▶ PROMPT
Quote these lines exactly: the one that holds "A LARGE KHMER GOLD RING WITH AMETHYST" and every line after it to the end of the material below. Skip pictures.

▶ DATA TO EXAMINE
+---+

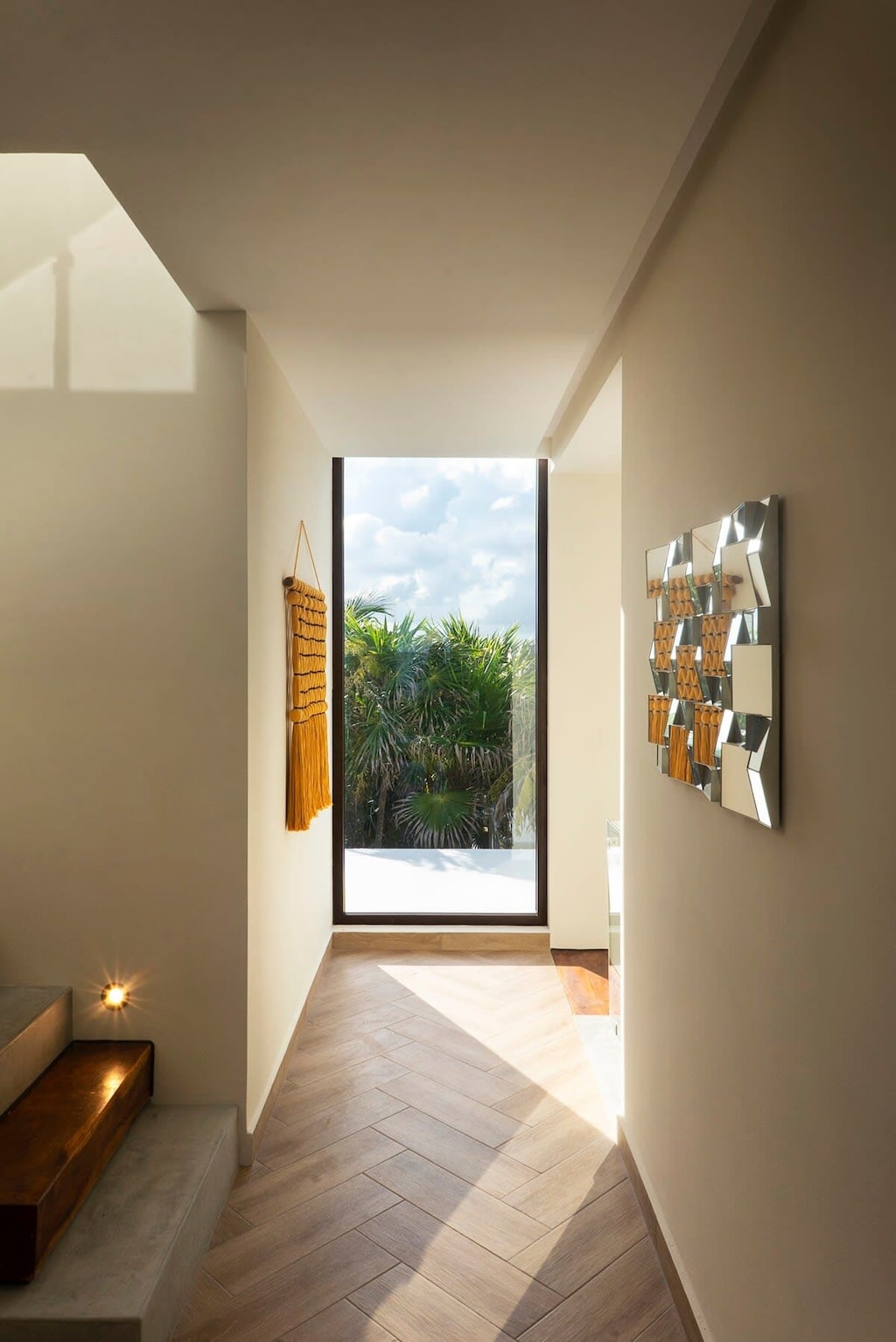 Modern hallway with a beautiful window that allows a view of the exterior landscape.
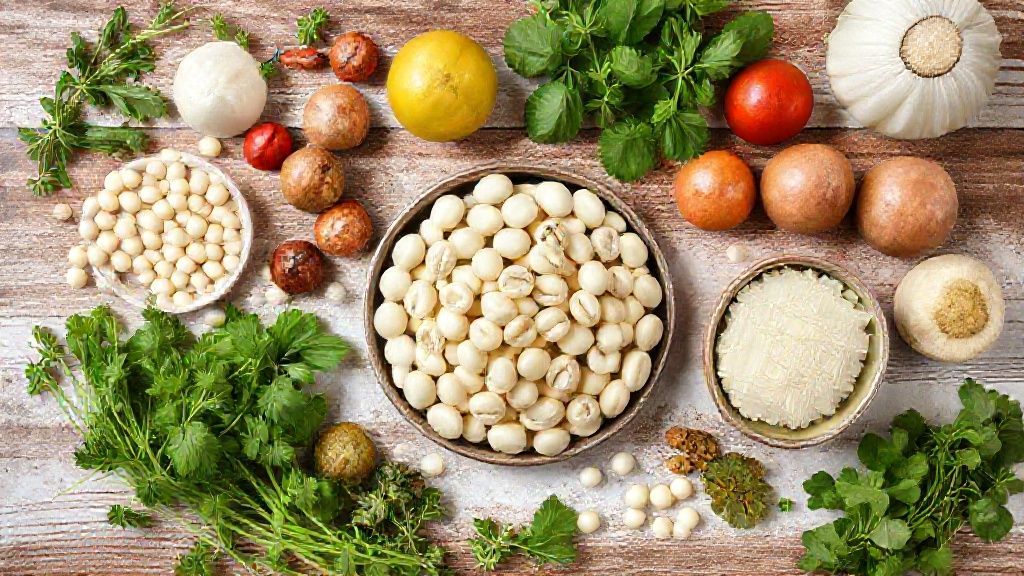 Visão de cima com feijão cru, alho, cebola, louro e temperos organizados em bancada de madeira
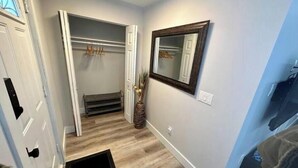 A hallway with a wooden floor, a bench, a mirror, and a door.
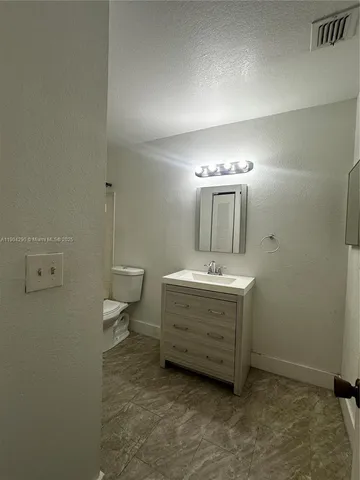 a bathroom with a sink double vanity and a mirror
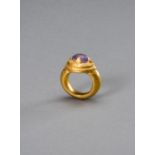 A LARGE KHMER GOLD RING WITH AMETHYST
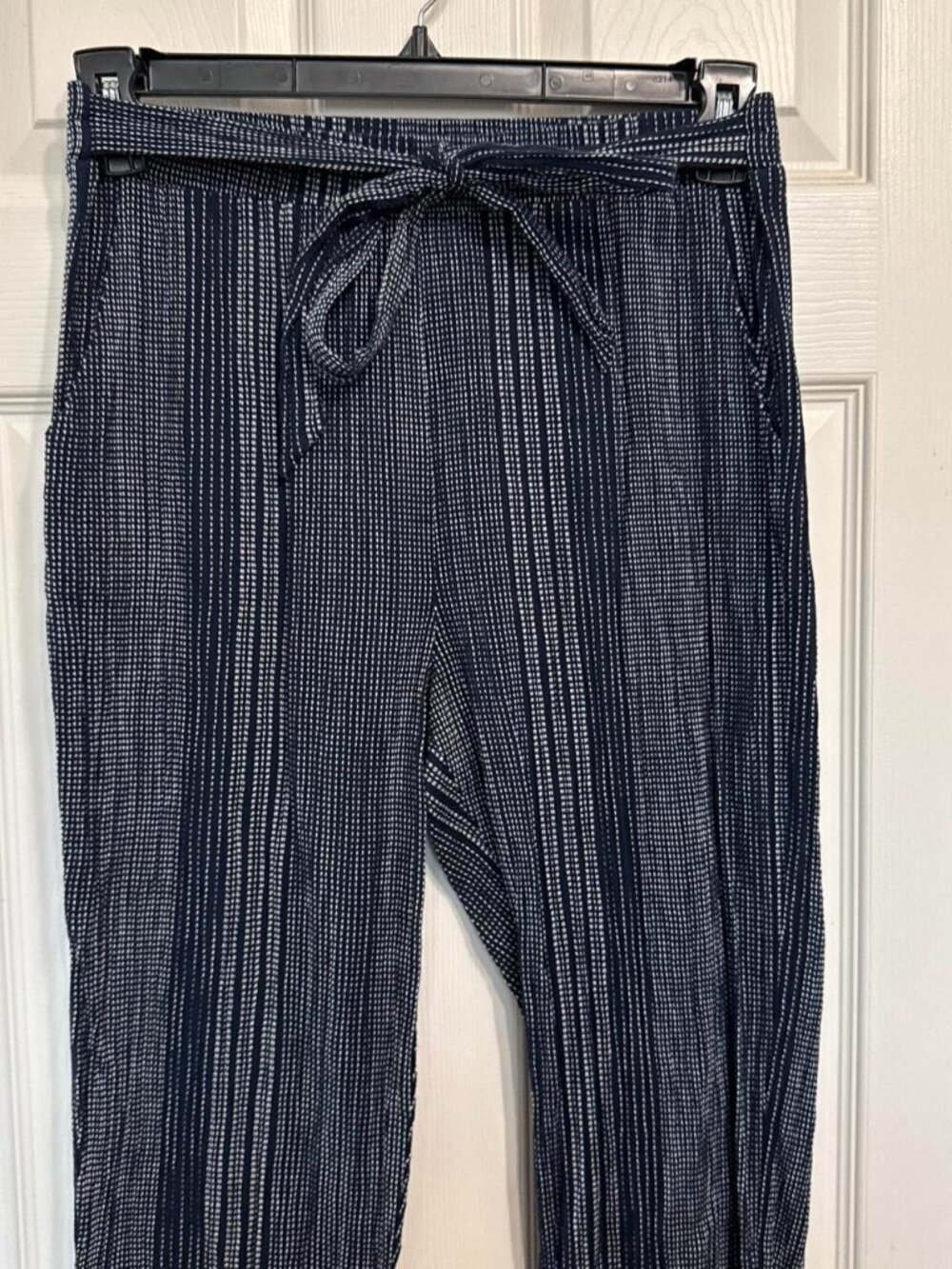 Navy blue and white checkered pants with tie waist and rolled cuffs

+---+

▶ YOUR SOLUTION
 A LARGE KHMER GOLD RING WITH AMETHYST
 Navy blue and white checkered pants with tie waist and rolled cuffs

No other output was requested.